## Record set
______

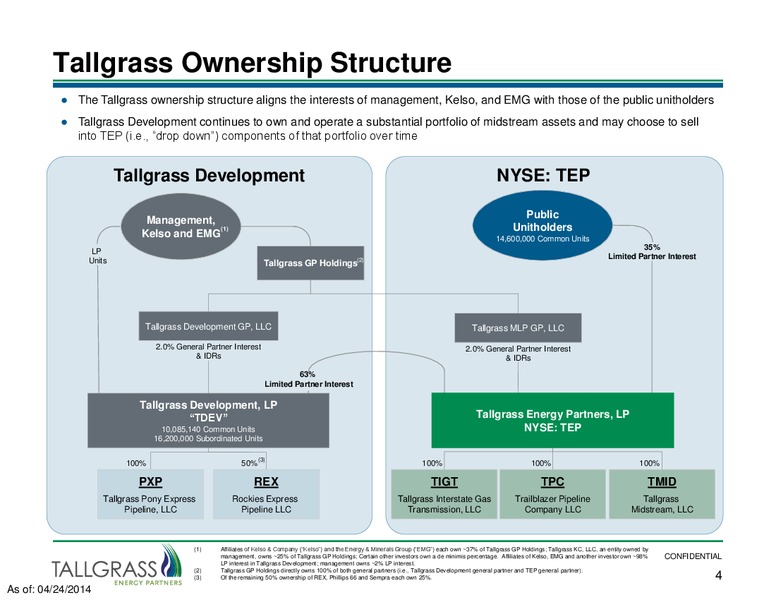 KELSO ANNUAL MEETING – Tallgrass Energy Partners, Lp – slide 3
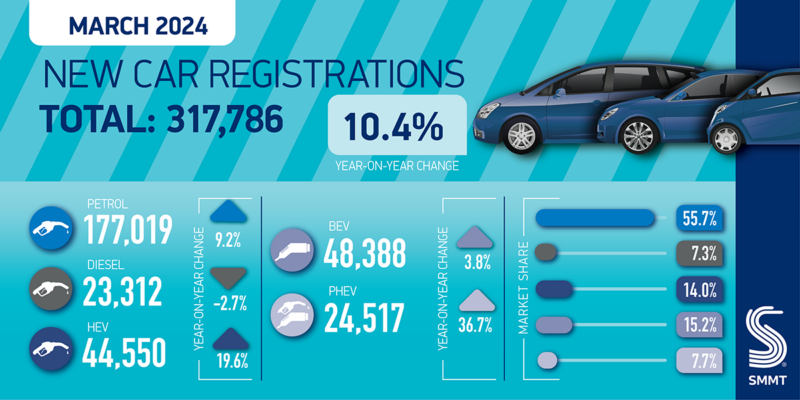 march-new-car-market-sustains-growth-as-manufacturers-shore-up-electrified-demand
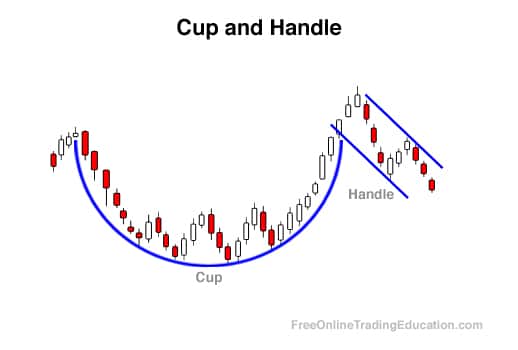 Cup and Handle Drawing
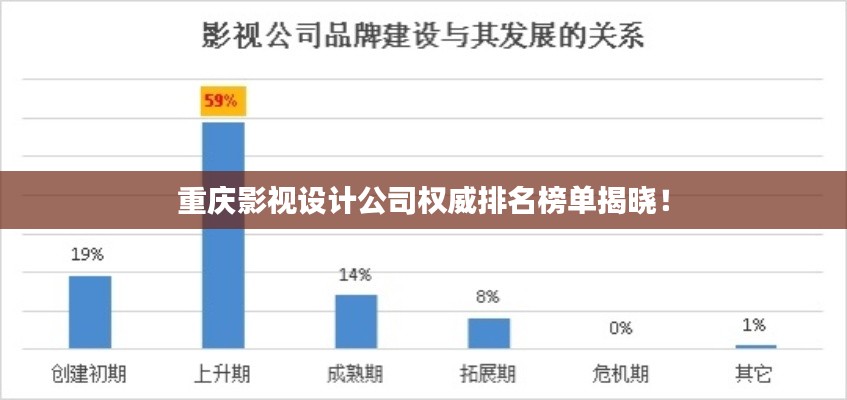 重庆影视设计公司权威排名榜单揭晓!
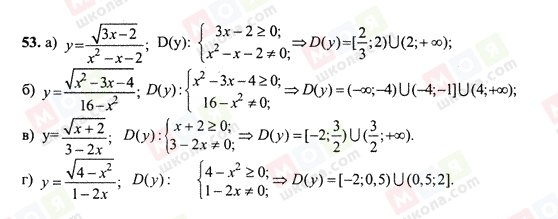 ГДЗ Алгебра 10 класс страница 53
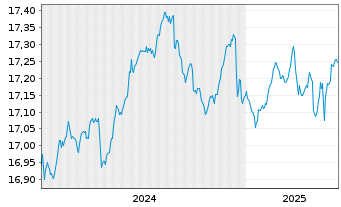 Chart First Tr.Gl.Fds-L.Du.Gl.Gov.Bd - 5 années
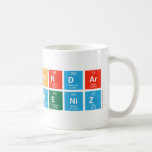 Serdar 
 Deniz  Mugs (front & back)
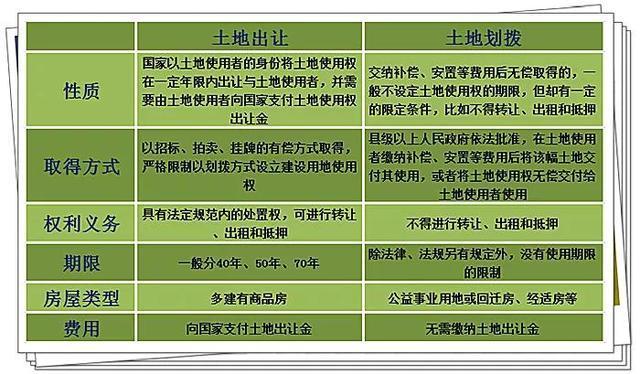 集体建设用地是出让还是划拨的？（集体单位土地是划拨）-图2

______

## What to do
At the line containing "(front & back)", begin reproducing the entries word for word, and continue through their last line. Leave out the pictures.

## Solution for this problem
 Deniz  Mugs (front & back)
 集体建设用地是出让还是划拨的？（集体单位土地是划拨）-图2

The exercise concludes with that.